Сейчас у меня много идей, которые я хотел бы воплотить, но в этих проектах хочу видеть «себя». Я не хочу распыляться на всё подряд, идти за всем, что заинтересовало. Смотря на свои последние работы, решил, что хочу сосредоточиться на лошади. Всё. Всадники, лошадь, уздечки, подковы. А так, в мире много очень интересного, но просто хочется сосредоточить творчество на лошади. У меня есть мечта создать что-то вроде центра, посвящённого лошадям. Не музей, а пространство, где можно было бы глубже раскрыть эту тему.

Хотите других художников туда пригласить? Или это пока ещё просто мечта?

Да, пока я думаю. У меня есть мастерская, небольшой участок. Изначально я хотел сделать там арт-резиденцию: дом-гостиницу для художников, поставить несколько юрт, где они могли бы останавливаться. Я долго обдумывал эту идею, мечтал о ней несколько лет. Но недавно испугался, потому что не хочу быть администратором. Хочу остаться просто художником (улыбается). Поэтому я решил сосредоточиться на другом — создать галерею, где только лошади и всё. Знаете, время быстро идёт, ничего не успевается в этой жизни. Хочется, чтобы только лошади были. Седло… стремена… Вот такие планы у меня.

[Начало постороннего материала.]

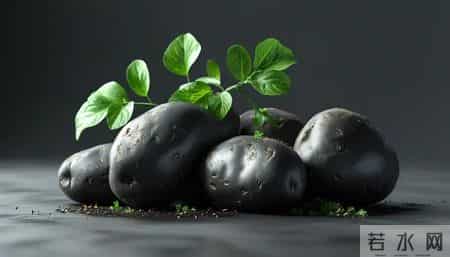 你还在为白发而烦恼吗?快来试试这个天然方法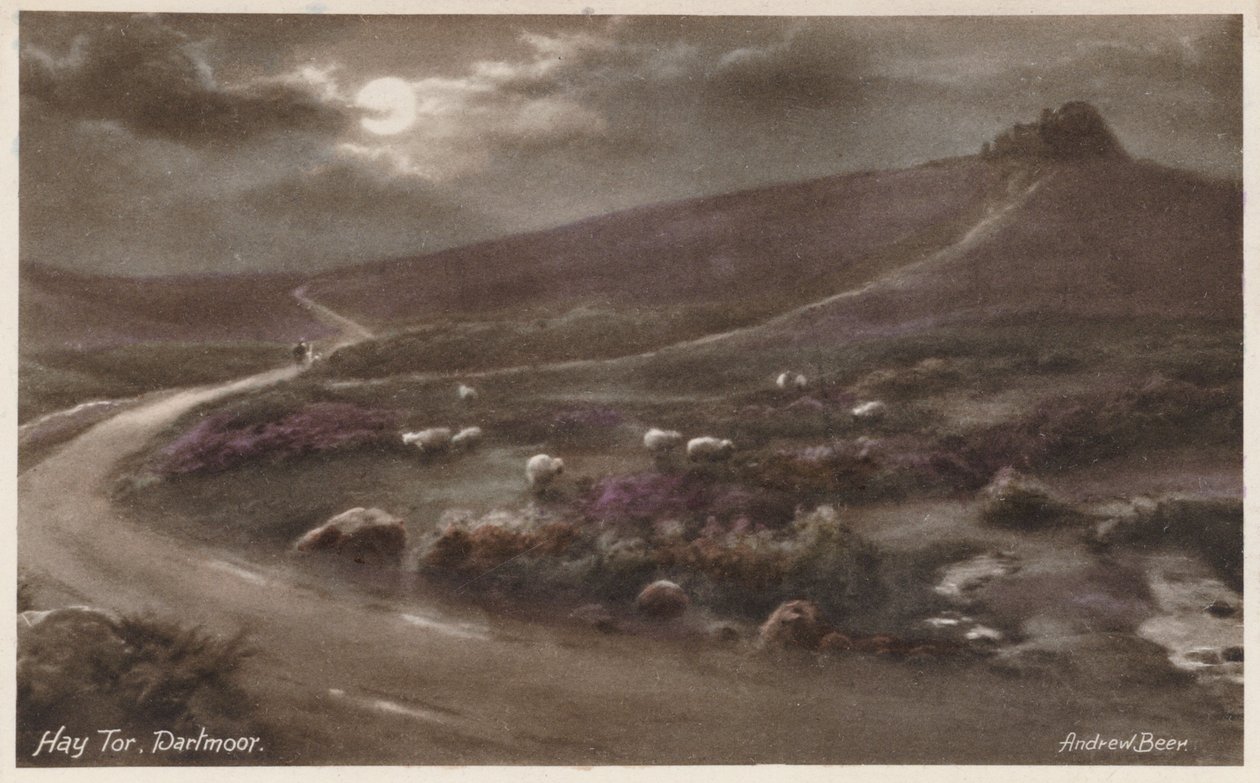 Hay Tor, Dartmoor (photo couleur) - Andrew Beer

Кокпар. Идентичность. Экзотизация

Образ кокпаристов у вас один из ключевых. И экспозиция на выставке в Aspan Gallery тоже завязана на этом образе. Для вас это символ маскулинности, казахской идентичности или что-то другое?

Вы же знаете, более 5000 лет назад приручили лошадей на территории Казахстана, этот факт тоже толкает на идею создать какие-то образы. Лошадь для казахов имеет особое значение. Но я не могу сказать: «Вот я люблю лошадь, без лошади не могу!». Многим интересна лошадь. В истории есть много примеров, кочевники использовали лошадей для освоения территории и всадники олицетворяют для меня огромную мощь.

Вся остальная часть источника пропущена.